I have never been more scared in my life than I have been this past year.

But I have also never had so much joy and love in my life than I have this past year.

Just like the days, weeks, months, years that we waited for you - this first year of your life God was always one step ahead. He kept you safe, He protected you. He carried your father and I. He caught every tear I cried. He has made his plans known for you - and for that we are so grateful.

I have to write this a day early because tomorrow - my emotions may be too much. My heart, some days, cannot handle everything I feel for you. I love you so much it hurts sometimes, but hurts in the best of ways.  I have prayed - every day that I am succeeding as a parent. Wondering if I'm doing things correctly, but I'm pretty sure every parent has wondered those same things.

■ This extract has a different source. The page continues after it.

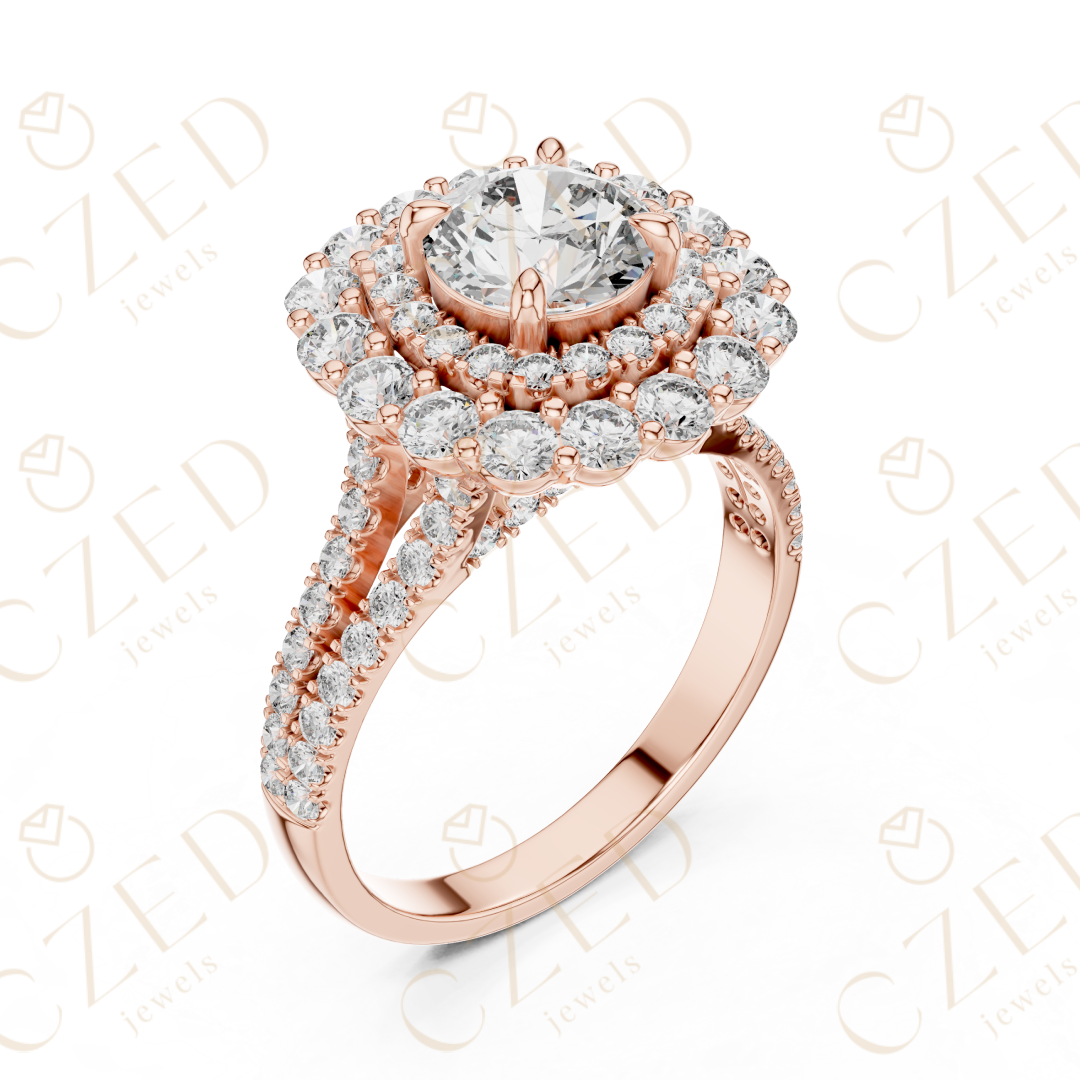 Round Cut Diamond Double Halo Pave Engagement Ring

I keep replaying the day of your birth in my head. How scared I was, scared because I knew that my c-section was happening to keep you and I both safe, scared that something could still go seriously wrong. Scared that as soon as they placed in my arms, I wouldn't know what to do. I wouldn't know how to be a mom or how to take care of you. One year later, I still fear those same things. I don't have a clue to what I am doing - but we've survived - you've thrived!

I remember Dr. Ramirez saying "Daddy stand up and get your camera ready, you're about to meet your son" and then you started screaming...I mean WAILING......and you haven't really stopped since then - LOL! I remember laying there crying - but not realizing I was crying and trying to see you out of the corner of my eye. My gosh you were so beautiful.....and you still are!  And then 2 days later they let us bring you home - just you, dad and me and suddenly we were a family of 3 and we were doing this on our own.

I can't believe you are 1!  You are so smart! You are adventurous (Lord help us now), you are crazy, you are hilarious! You are my life!  You are what my life was missing and this past year my heart has been complete.

WE (your dad and I) are the lucky ones - for some reason God thought that we were worthy enough for you to call us momma and dadda. We get to raise you - we get to teach you, while at the same time allowing you to teach us.  I could spend all day writing about everything my heart feels as tomorrow comes and we celebrate YOU (well and Kee).

HAPPY 1ST BIRTHDAY Rowan Keith! I don't know how we managed life without you! We are so thankful you are here and completed our family!

We love more than words we say or type could ever express. You are our greatest joy! We can't wait to celebrate you and your life.